Ball dismisses this as inadequate to fully explain the depths of the antipathy on the dual grounds that Barack Obama is also an education reformer, and that this particular issue doesn’t feature all that heavily in the liberal critique of Booker.

Both are true, but it’s still the case that this is what’s driving things. The basic issue here is that not only is the education reform issue itself contested in the Democratic Party, there’s a deep divide over how to frame the divide. Reformers like to see it as unions standing in the way of the interests of minority kids. That makes people of color such as Booker, Sacramento Mayor Kevin Johnson, DC Schools Chancellor Kaya Henderson, etc. particularly valuable faces of the cause. By contrast, liberals prefer to see the issue as pitting billionaire donors against the interests of middle class workers. Their ideal antagonist is someone like Michael Bloomberg. Given Cory Booker’s age and ethnicity, it is overwhelmingly likely that he will be an important figure in this debate for years (if not decades) to come. So there’s a lot at stake in painting Booker not as a fairly conventional Democrat who (like Barack Obama and lots of other Democrats) happens to disagree with teachers unions about K-12 issues. Instead, they want to paint Booker as an across-the-board demonic corporate sellout figure who disagrees with teachers unions as part of a general agenda of overclass madness.

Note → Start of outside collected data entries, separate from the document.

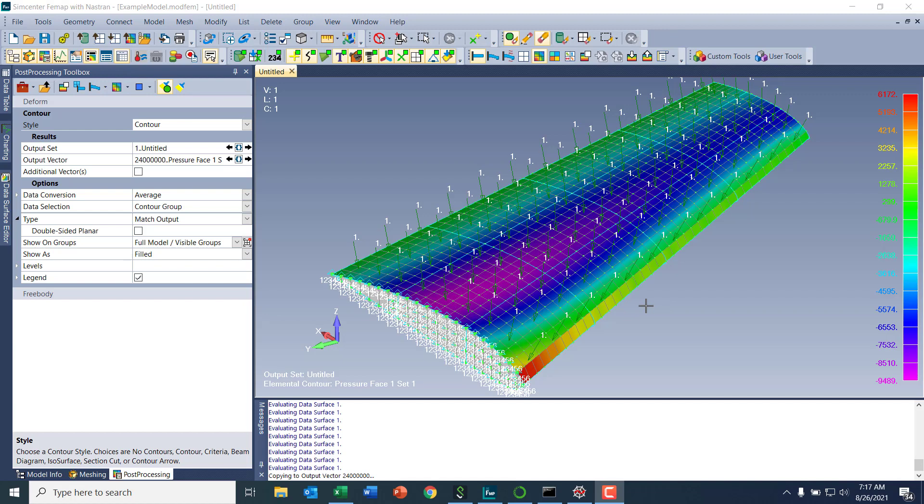Now, the same thing could be done using the native Femap API window in VB with the read file object. But that would take a little bit more coding to implement this whole method here.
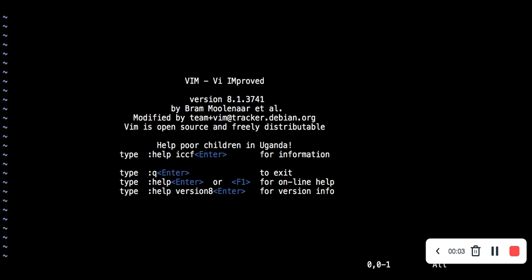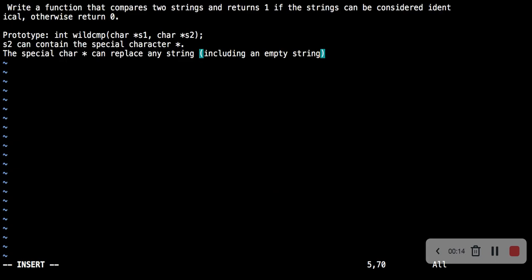Hello, welcome to number eight of the C recursion series. Write a function that compares two strings and returns one if the strings can be considered identical, otherwise return zero. This is the prototype.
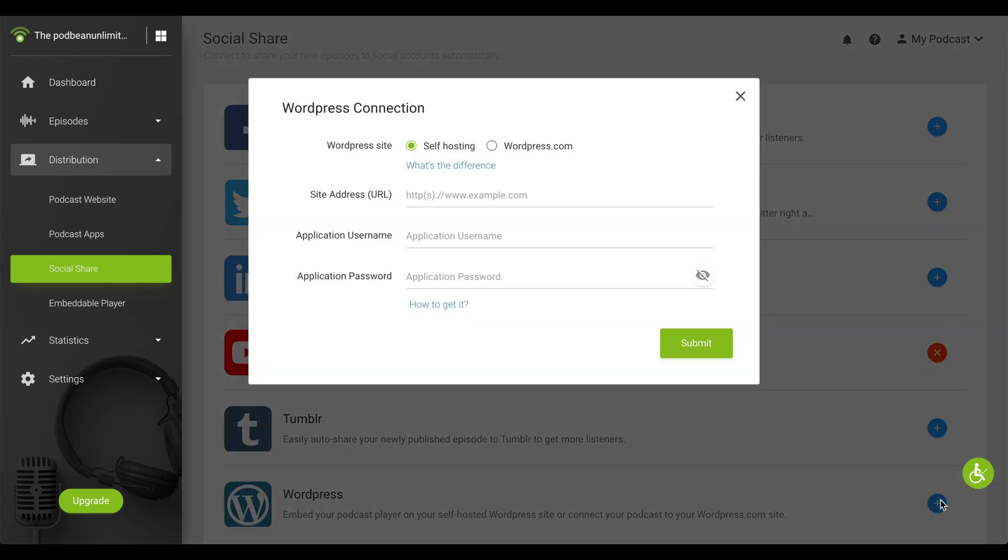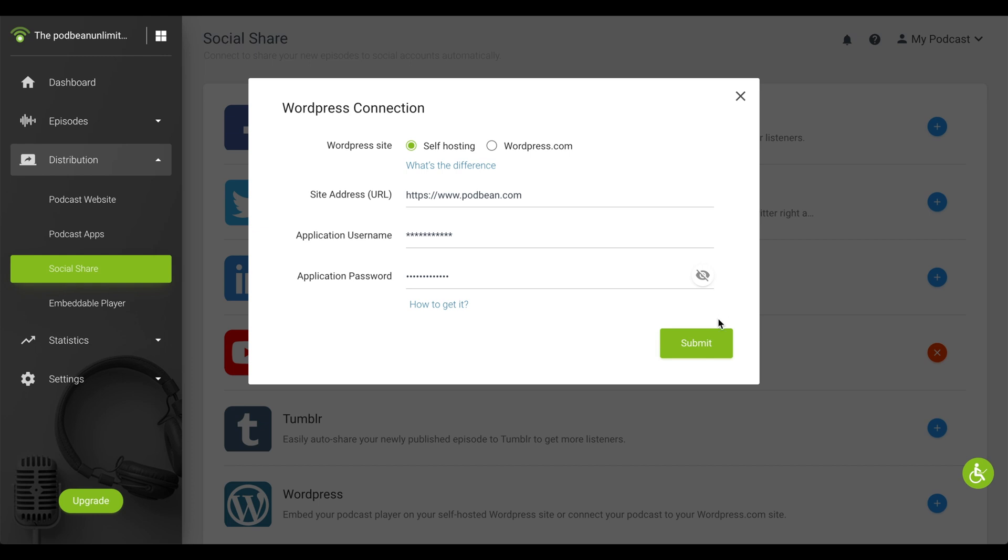Select whether you're connecting your WordPress site through self-hosting or through WordPress. If you're self-hosting your WordPress site, select Self-hosting. You'll need to type in your site URL, application username, and the application password. For more on how to find your application password, please visit our support article in the description of this video. Once you've typed in this information, click Submit.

When I did a post a couple of weeks ago about how Cory Booker’s campaign featured a lot of earnest discussion of child povery and smart ideas to reduce it—a post that said nothing at all about education policy—I got some negative feedback from some people who I normally disagree with about K-12 school management policy. It was very important to liberals who disagree with Booker about education policy to believe that his interest in child poverty is insincere or disengenuous, because if it’s not that they might also have to think that his interest in education reform is sincere. A young black senator whose signature issue is child poverty and who disagrees with the unions about education policy is a disaster for their side of the argument.

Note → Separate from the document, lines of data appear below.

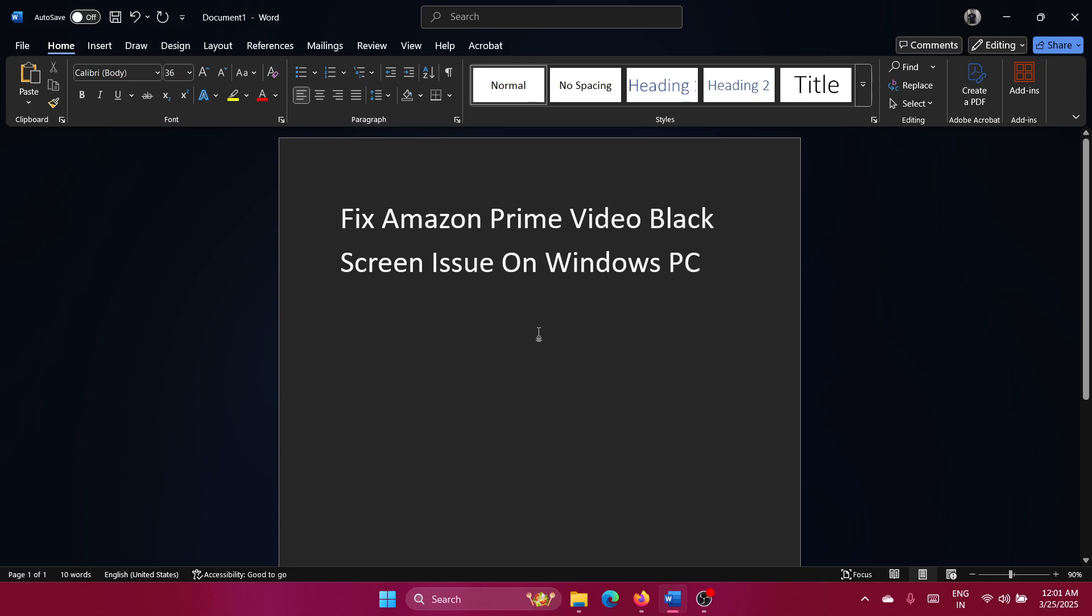Hey friends, if you encounter a black screen with Amazon Prime, a lot of users have reported it. Please watch this video, I will guide you through the procedure.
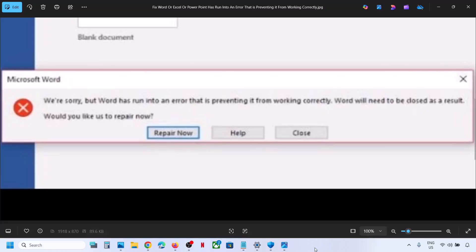Hello guys, welcome to my channel. Today in this video I'm going to show you how to fix when you are unable to launch your Office application because of this error — that is Word or Excel or PowerPoint has run into an error that is preventing it from working correctly. So if you are receiving this error, please follow the steps shown in this video.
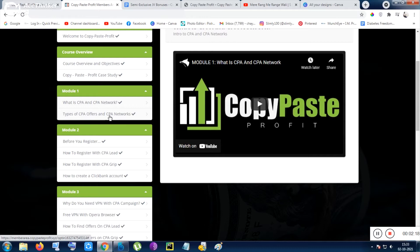But the thing is CPA networks is a very good thing to make money online because you have to do partial stuff. You don't have to do 100% of stuff - like you don't have to sell the product but you can only get the signup form, you can only get the clicks.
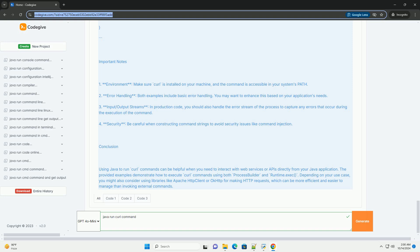Method 2: using runtime.exec. You can also execute curl commands using the runtime.exec method. However, this method is less flexible and harder to use compared to process builder. Example: running a curl command with runtime.exec. Here's a similar example using runtime.exec.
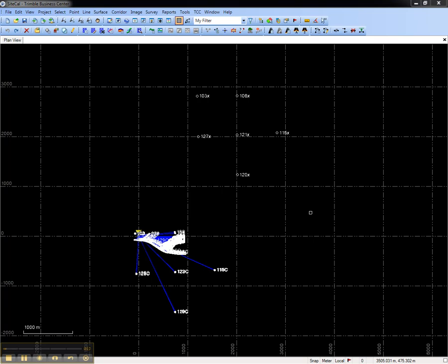In this project, I have a GNSS RTK survey and local control values that were keyed in.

Of course you could say the same about Barack Obama. But that horse is already out the barn door. Despite the enormous volume of from-the-left criticism of Obama on the Internet, his approval ratings among Democrats remain in the high-80s. Emphasizing the extent of the union-Obama gap on education would only hurt the union cause. But Booker is still being defined in the public eye, and to folks who disagree with him on education it’s important to define him as a Friend of the Fatcats rather than a Friend of Poor Low-Income People.